In seguito agli ultimi sviluppi di oggi, il prezzo del BTC è crollato ancora una volta sotto i 100.000 dollari, prima di aumentare di oltre tremila dollari in poche ore, danneggiando migliaia e migliaia di trader con leva finanziaria eccessiva.

In apparenza, gli sviluppi odierni non potevano prevedere l'ultimo rialzo del prezzo di BTC. Come mostra il grafico sopra, BTC ha subito un forte calo ieri e, sebbene abbia recuperato un po' di terreno in mattinata, è sceso nuovamente sotto i 100.000 dollari a seguito degli attacchi dell'Iran contro un paio di basi militari statunitensi in Medio Oriente.
Tuttavia, circolano online alcune teorie secondo cui le azioni precise dell'Iran avrebbero simboleggiato l'inizio dei colloqui di pace, poiché i leader del paese avrebbero avvertito gli Stati Uniti e le strutture militari prese di mira degli attacchi missilistici.
In questo modo, le autorità potrebbero mantenere una forte presenza di fronte al loro popolo e, allo stesso tempo, impegnarsi in colloqui di distensione con gli Stati Uniti e Israele.

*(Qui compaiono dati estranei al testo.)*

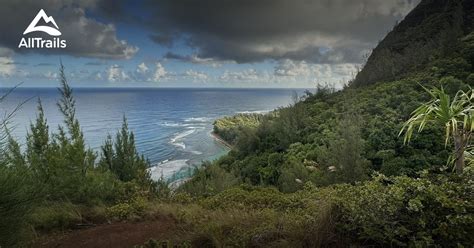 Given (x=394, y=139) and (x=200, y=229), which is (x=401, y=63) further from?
(x=200, y=229)

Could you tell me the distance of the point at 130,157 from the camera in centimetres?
1881

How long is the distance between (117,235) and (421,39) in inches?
2054

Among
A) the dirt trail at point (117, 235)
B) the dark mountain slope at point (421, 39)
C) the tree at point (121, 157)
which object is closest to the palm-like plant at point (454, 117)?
the dirt trail at point (117, 235)

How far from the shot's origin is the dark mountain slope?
34688 mm

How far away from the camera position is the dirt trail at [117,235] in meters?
4.09

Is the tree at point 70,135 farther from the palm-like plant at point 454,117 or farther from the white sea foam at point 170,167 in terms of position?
the white sea foam at point 170,167

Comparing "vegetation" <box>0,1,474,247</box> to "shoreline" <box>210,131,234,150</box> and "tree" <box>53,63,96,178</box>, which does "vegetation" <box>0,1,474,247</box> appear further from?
"shoreline" <box>210,131,234,150</box>

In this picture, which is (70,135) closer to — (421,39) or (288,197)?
(288,197)

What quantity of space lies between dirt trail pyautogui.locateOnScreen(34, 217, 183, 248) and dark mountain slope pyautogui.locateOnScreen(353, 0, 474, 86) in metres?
36.0

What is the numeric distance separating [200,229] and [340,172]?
37.9ft

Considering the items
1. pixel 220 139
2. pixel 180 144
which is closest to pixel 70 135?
pixel 180 144

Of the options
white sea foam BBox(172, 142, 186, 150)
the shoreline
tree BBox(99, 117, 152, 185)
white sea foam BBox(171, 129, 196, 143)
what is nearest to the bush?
tree BBox(99, 117, 152, 185)

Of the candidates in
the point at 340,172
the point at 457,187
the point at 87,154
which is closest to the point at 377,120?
the point at 340,172

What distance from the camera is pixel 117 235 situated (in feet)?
14.4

L'attacco dell'Iran alle basi statunitensi di oggi è stato in realtà una DE-ESCALATORIA, ed ecco perché:
In primo luogo, secondo quanto riportato dal NYT e da Axios, sono emersi dettagli secondo cui sia il presidente Trump sia i funzionari del Qatar sarebbero stati informati "in anticipo" di questo attacco.
Le autorità iraniane affermano che ciò è avvenuto per "minimizzare le vittime".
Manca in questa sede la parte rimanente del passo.